The Wannalancit Mills (formerly the Suffolk Mills) in Lowell, Massachusetts is an early American cotton mill, parts of which date to the 1830s at the earliest. Its namesake is a corruption of Wonalancet, a sachem or sagamore of the Penacook Native American tribe. Today the complex is home to office space, conference center, and university research facilities.

==History==

===Operations===

From turbine to line shaft at Suffolk Mills, part of the River Transformed Exhibit.

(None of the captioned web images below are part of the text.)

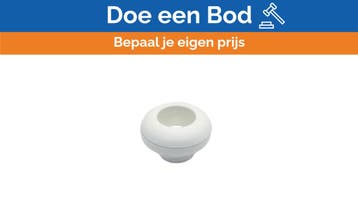 Bieden: Marine Pipe Rosette 28mm White for Yacht Toilet Plu, Ophalen of Verzenden, Nieuw, Kombuis en Sanitair, Zeilboot of Motorboot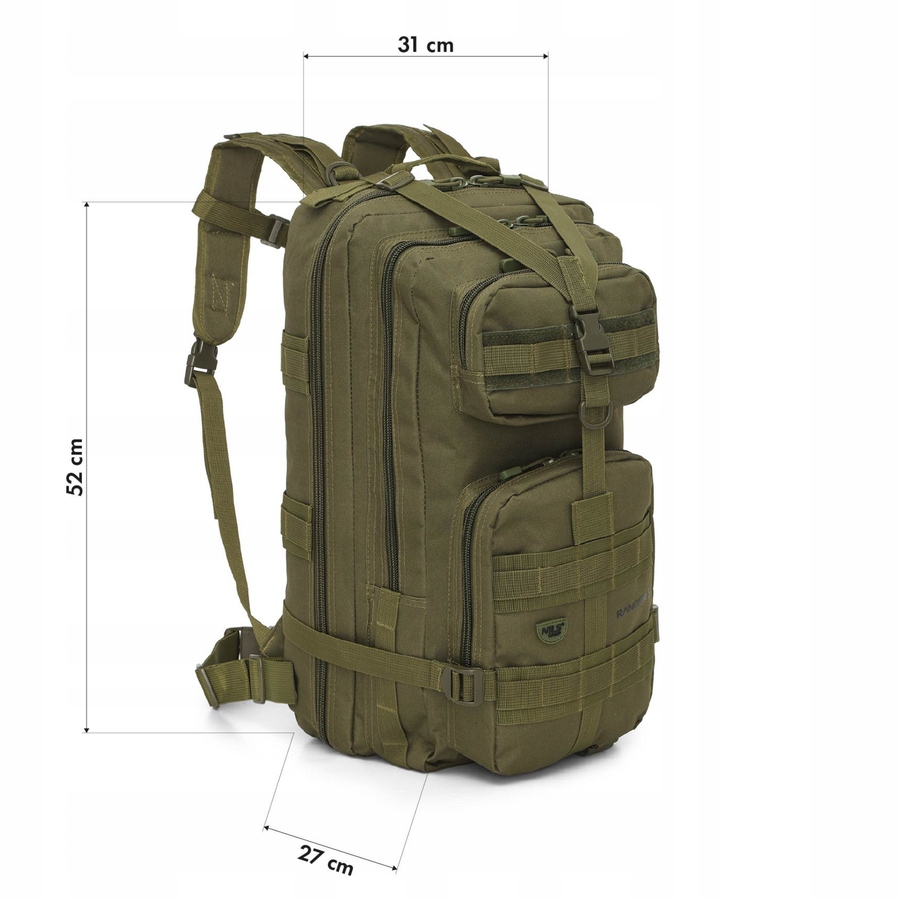 Taktický batoh Nils Camp NC3902 Ranger Zelený 45L - EAN kód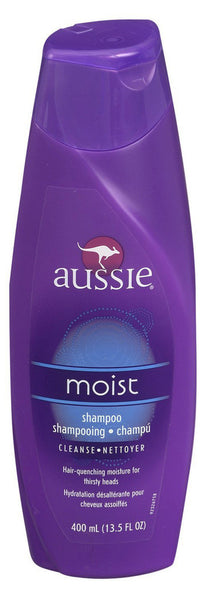 AUSSIE SHAM MOIST 400ML - Queensborough Community Pharmacy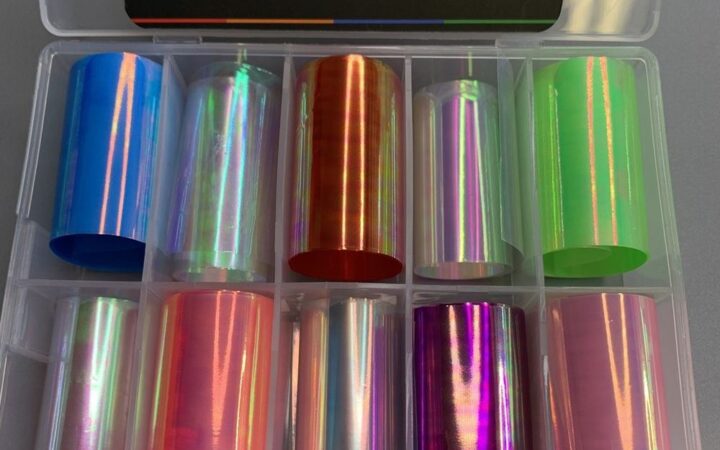 Nail Art Foils Pack — 15 Design Foils Review Guide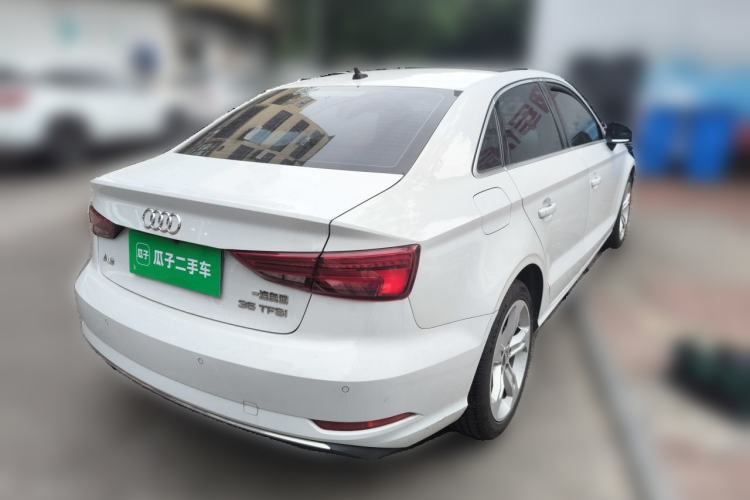 Used Audi A3 2020 Limousine 35 TFSI Ambition China VI Rear Right 45 Deg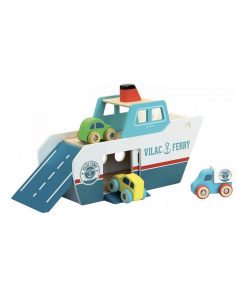 Le ferry vilacity en bois - N/A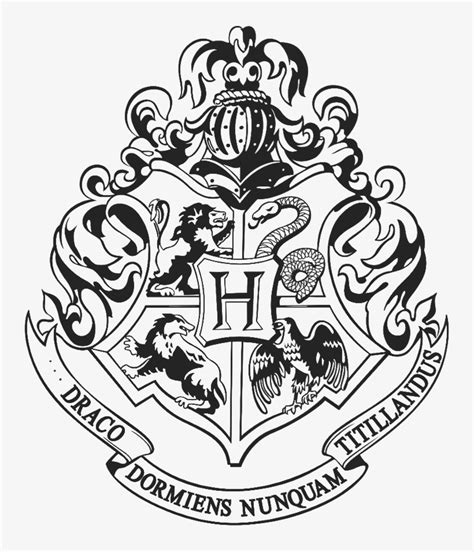 Hogwarts Crest Png And Download Transparent Hogwarts Crest Png Images For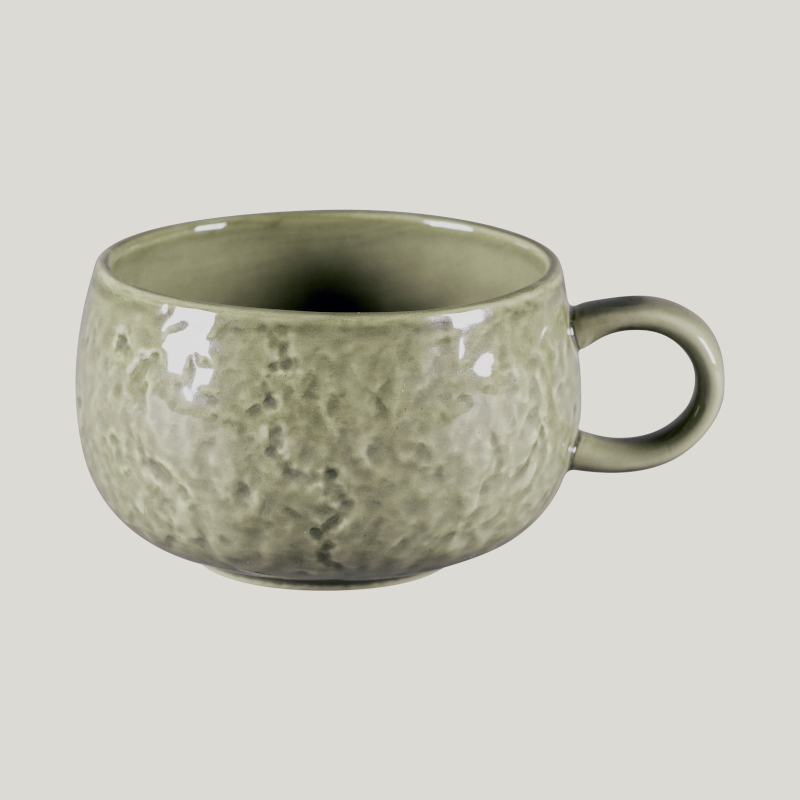 RAK Porcelain Krush šálek na kávu 25 cl, šedý RAK Porcelain Krush šálek na kávu 25 cl, šedý
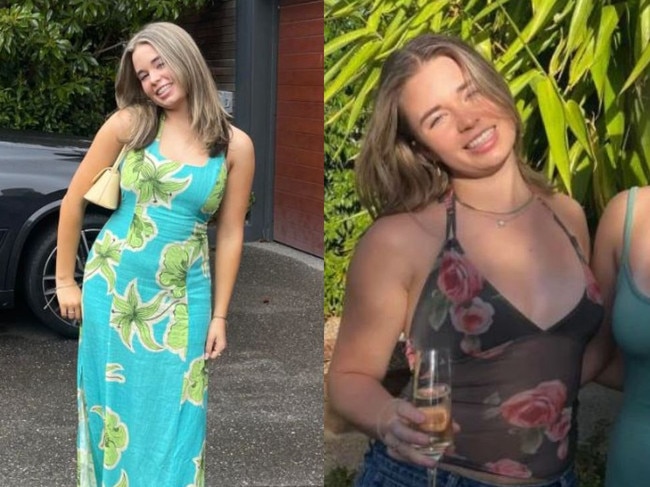 Holly Bowles has been identfied as one of the two Australian teeangers involved in a methanol posioning in Thailand.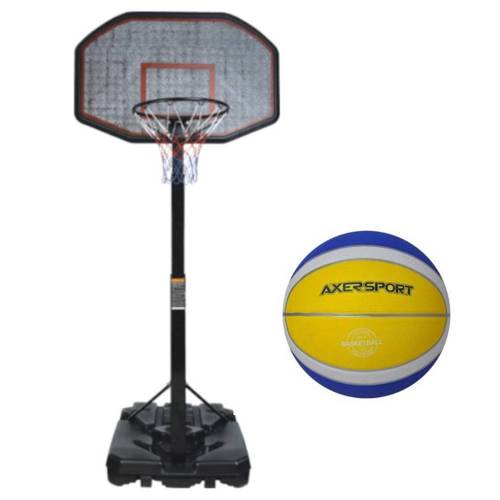 Mobile basketball set LEAN 200-300 cm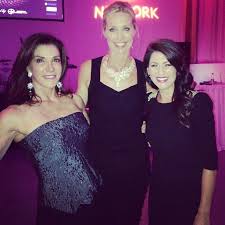 Hilary Farr Candice Olson Jillian Harris Celebrated 100 Episodes Of Love It Or List It At The Liberty Grand Celebrities Flapper Dress Jillian Harris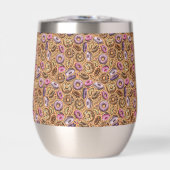 Donuts met sprinkles patroon (Voorkant)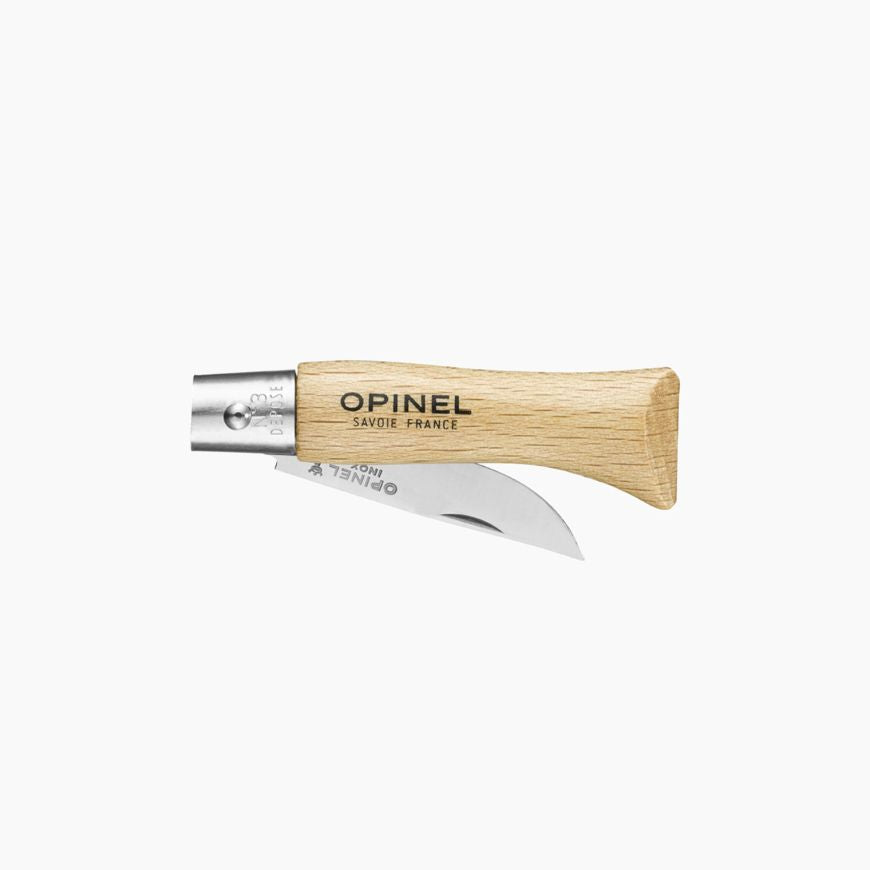 Opinel Tradition Knife, Beech handle, Stainless Steel, 4cm, #3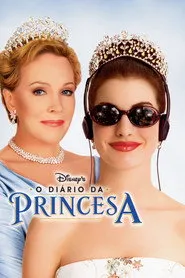 Capa de O Diário da Princesa
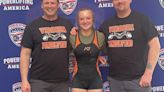 Viroqua High School's Kami Delap wins silver at national powerlifting championship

In 1830, the Suffolk Textile Company was established. Running off of hydropower and later steam power, the mill's buildings were soon built during the mass building mills in the city. During the Civil War, the mill was closed and rebuilt. In 1926, the Suffolk Mills were sold. The New England textile industry was in decline by World War I and collapsed after World War II yet the mill hung on. In 1950, the Wannalancit Textile Company moved into the mills, renaming them. In 1969, Colombian workers were brought in as they were skilled weavers and knew how to operate textile machinery. The mills finally closed in 1981.

===Reuse===
Today, the Wannalancit Mills are an example of adaptive re-use as they contain offices. Part of the mills are owned by the University of Massachusetts Lowell as well as Farley White Interests, a Boston-based real estate investment and development company. Farley White purchased 75% of the complex in 1998 and began a significant renovation and re-tenanting campaign. This effort culminated in the repointing of the property's smokestack. In 2000, the owners of the mill utilized their smokestack for the city's largest Christmas tree, reaching 256 feet in height. Yearly lighting costs are around $30,000. In 2010, the "tree" wasn't put up as owners cited costs of lighting to be a determining cause. since that year the lighting has reappeared. In years when the lights are up, the tree uses 5,440 green bulbs placed on 32 cables anchored to a 102-foot diameter base. A 19-foot star is placed on top of the tree.
Today the Mill is home to over 50 commercial tenants working in research, social services, environmental studies and communications product development.

===Transit===

The National Streetcar Museum currently has a heritage streetcar stop here.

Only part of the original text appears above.